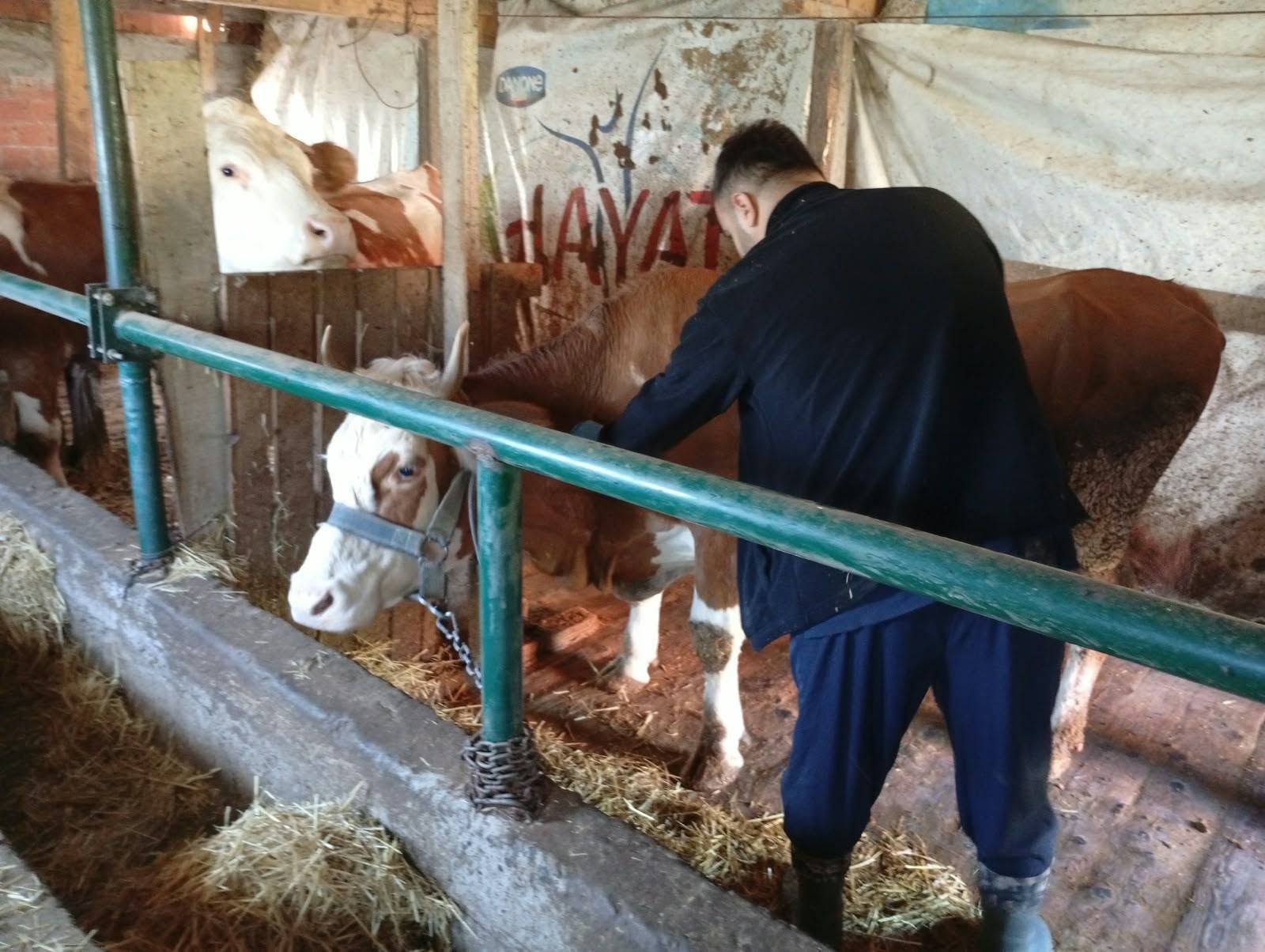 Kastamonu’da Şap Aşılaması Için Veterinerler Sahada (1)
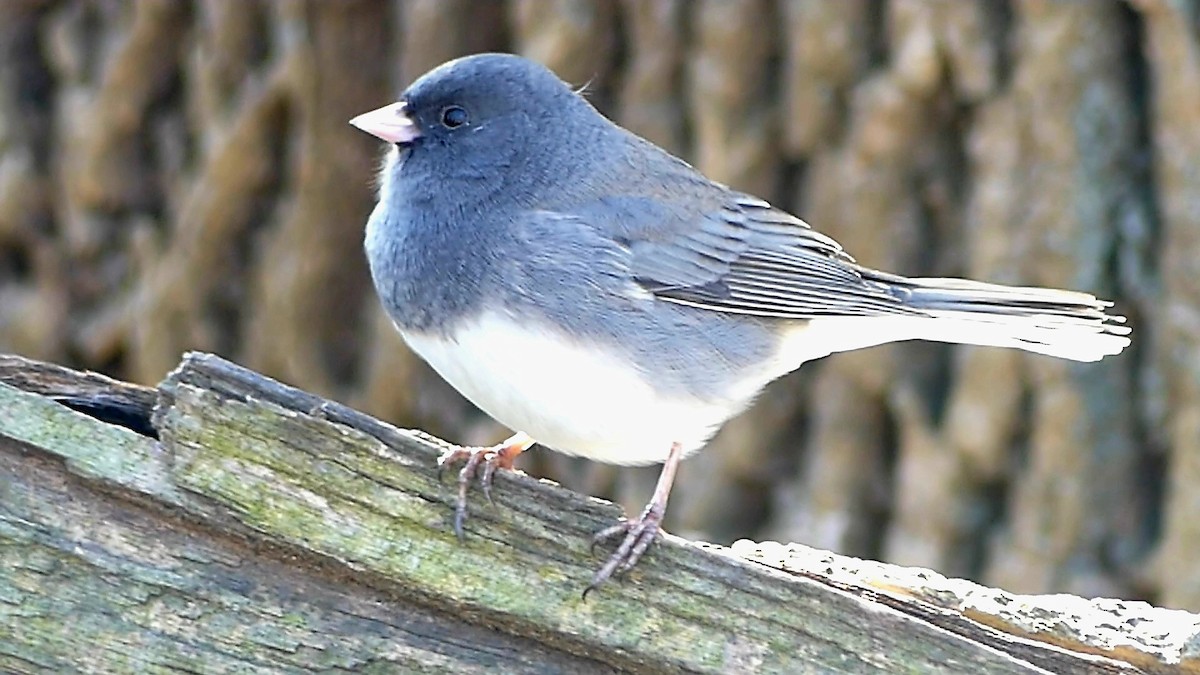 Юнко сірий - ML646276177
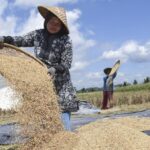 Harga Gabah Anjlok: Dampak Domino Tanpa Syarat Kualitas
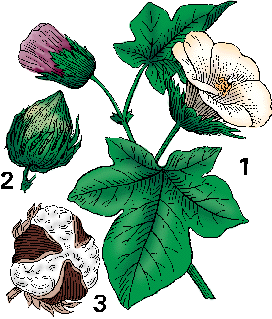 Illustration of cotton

» **Description of the task**:
Once the line containing "Harga Gabah Anjlok: Dampak" is found, transcribe it and the rest of the lines to the end of the listing above exactly, omitting all pictures.

» **Solved exercise**:
 Harga Gabah Anjlok: Dampak Domino Tanpa Syarat Kualitas
 Illustration of cotton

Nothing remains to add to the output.